But how do we hear His voice?
How do we discern if He is really speaking to us
or if we are imagining it? I see two very important principles.
1. It must agree with God’s Word. (And we must know how to interpret Scripture — in this latest debate on gay marriage, we see so much twisting or genuine misunderstanding of how to interpret Scripture, such as looking at the polygamy in the Old Testament and seeing that as an endorsement from God on “rainbow” marriages.)
2. Those who fear Him and are intimate with Him, are more likely to discern His voice in areas where Scripture is silent. (Such as, “Do I marry this man?” “Do I take this job?” “Where should I give the money with which God has entrusted me?”)

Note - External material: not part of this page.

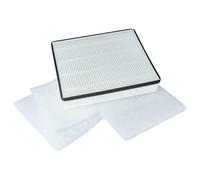 vhbw Lot de 3x filtres compatible avec Vallox KWL 90 MC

Last month my dear friend Linda Strom was with me,
and she always inspires me.
She often hears His voice in a way that consternates others. She is intimate with Him, she knows His Word, keeps it in context, and begins with it instead of her own opinion. She also hears His still small voice in areas where Scripture is silent, but where decisions must be made.
She runs the helm of Discipleship Unlimited in a way that would make most businessmen crazy. If the funds are not there, yet she has heard from God to begin another faith dorm, or to bless the women in some way, she asks the board to step out in faith. She’s confident, because she has heard His voice, that He will also supply their need.
And for decades, He has done exactly that.
What is her secret?
I think it is this:
We know, and keep saying, that proverbs are general principles and not promises. So there are times when You seek Him diligently and cannot find Him, cannot discern His voice. But generally speaking, the ones who are most likely to hear Him, are those who are intimate with Him, those who love Him. The psalmist puts it like this, and this is a promise, though it will be on His timetable!
He confides in those who fear him…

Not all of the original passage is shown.